O consumo não tem classe social

O crescimento do poder de compra das classes C e D da população brasileira no setor de varejo demonstra que cliente é cliente, independentemente da condição social Embora o mercado faça essa diferenciação por questão de foco, perfil de consumidor e marketing, consumo é consumo, consumidor é consumidor e cliente é cliente. É uma redundância, com certeza, mas cito essa comparação para chamar a atenção do modismo que se instalou em nosso País. As grandes empresas focam seus produtos nas classes C e D, que se tornaram a bola da vez.

E nessa migração, algumas redes de supermercados se instalaram nos bairros para competir com os mercadinhos, na moda, as confecções criam a segunda marca, um gigante da informática lança computadores portáteis a preços populares. Posso falar com conhecimento de causa, já que tenho estudado nesses dois últimos anos os caminhos do varejo para as classes C e D e o poder de consumo desses clientes, que cresceu em torno de 72% e 45% respectivamente, fazendo o mercado agir com uma velocidade e voracidade espantosa.

No entanto, está na hora de deixar de lado esse modismo que rotula as classes ou apelar para o chavão, já irritante, de consumidores populares. Não precisamos colocar na placa da empresa que está sendo inaugurada que seus produtos são ?populares? ou para ?cliente popular?, pois pode melindrar o cliente que sabe que possui um poder de compra abaixo de outras classes e não precisa ser rotulado ou lembrado disso, além de ter a impressão que por ser ?popular? não terá atendimento nem produto com qualidade.

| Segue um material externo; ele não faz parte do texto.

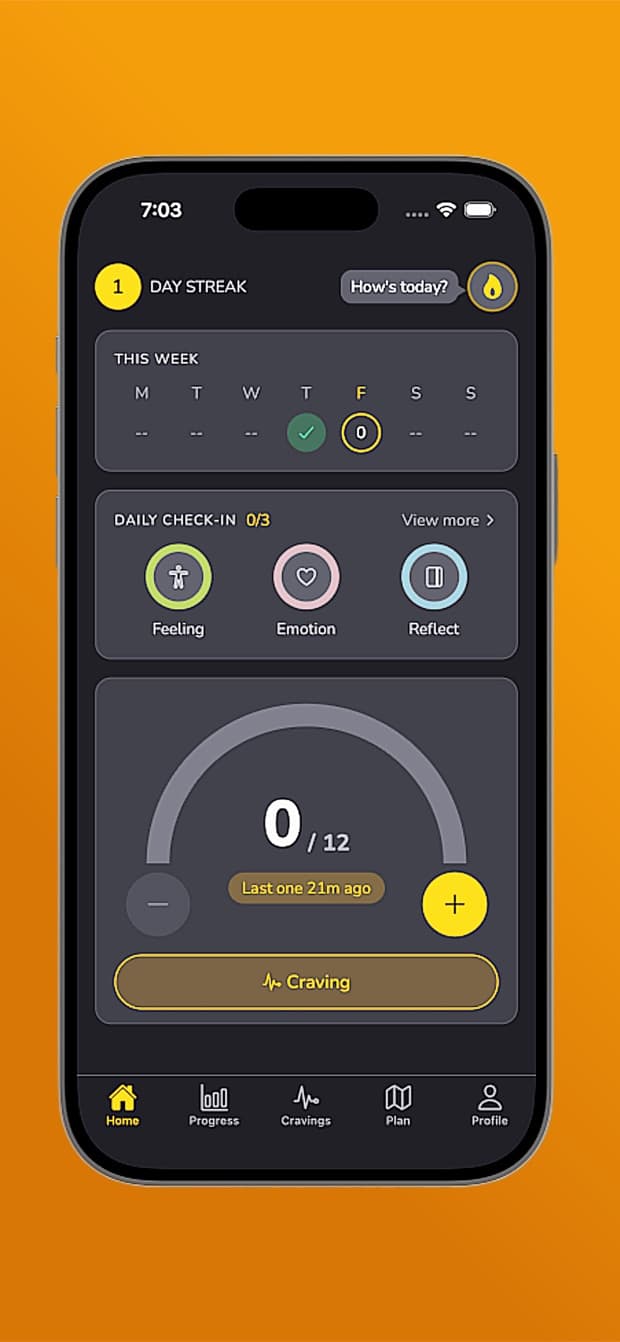LastPouch app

Cliente é cliente! Devemos estar atentos ao mercado e buscar o perfil do cliente ideal, que por si só faz a separação em termos de poder de compra. Ele não gosta de ser chamado de popular, e devemos nos atentar para essa situação, por exemplo: eu compro em qualquer tipo de loja que ofereça um bom ambiente, bons produtos, bons preços e, sem dúvida, um bom atendimento. Não sou classe, e sim um cliente como qualquer outro.

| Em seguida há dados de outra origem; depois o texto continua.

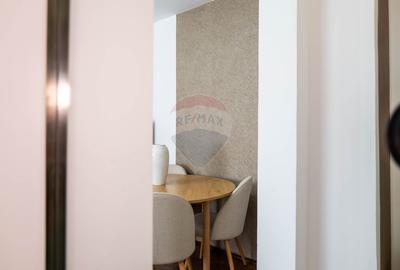 Apartament cu 2 camere semidecomandat, mobilat în Bucureștii Noi - 27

Hoje, um televisor em torno de 270 reais é um televisor com preço atraente, e não popular. E quem, por algum motivo, resolver comprá-lo não diminuirá de classe, muito menos perderá poder de compra, apenas irá supriu uma necessidade.

Propositadamente repeti várias vezes algumas palavras justamente para mentalizar e observar o que não soa bem aos ouvidos dos clientes. Acredito que o caminho é criar um termo mais simpático, menos agressivo e que não afugente nossos consumidores. O lado bom dessa história é que não se discute mais que o consumidor está comprando mais, pagando melhor, melhorando o padrão de vida e sendo mais feliz. E isso não tem classe!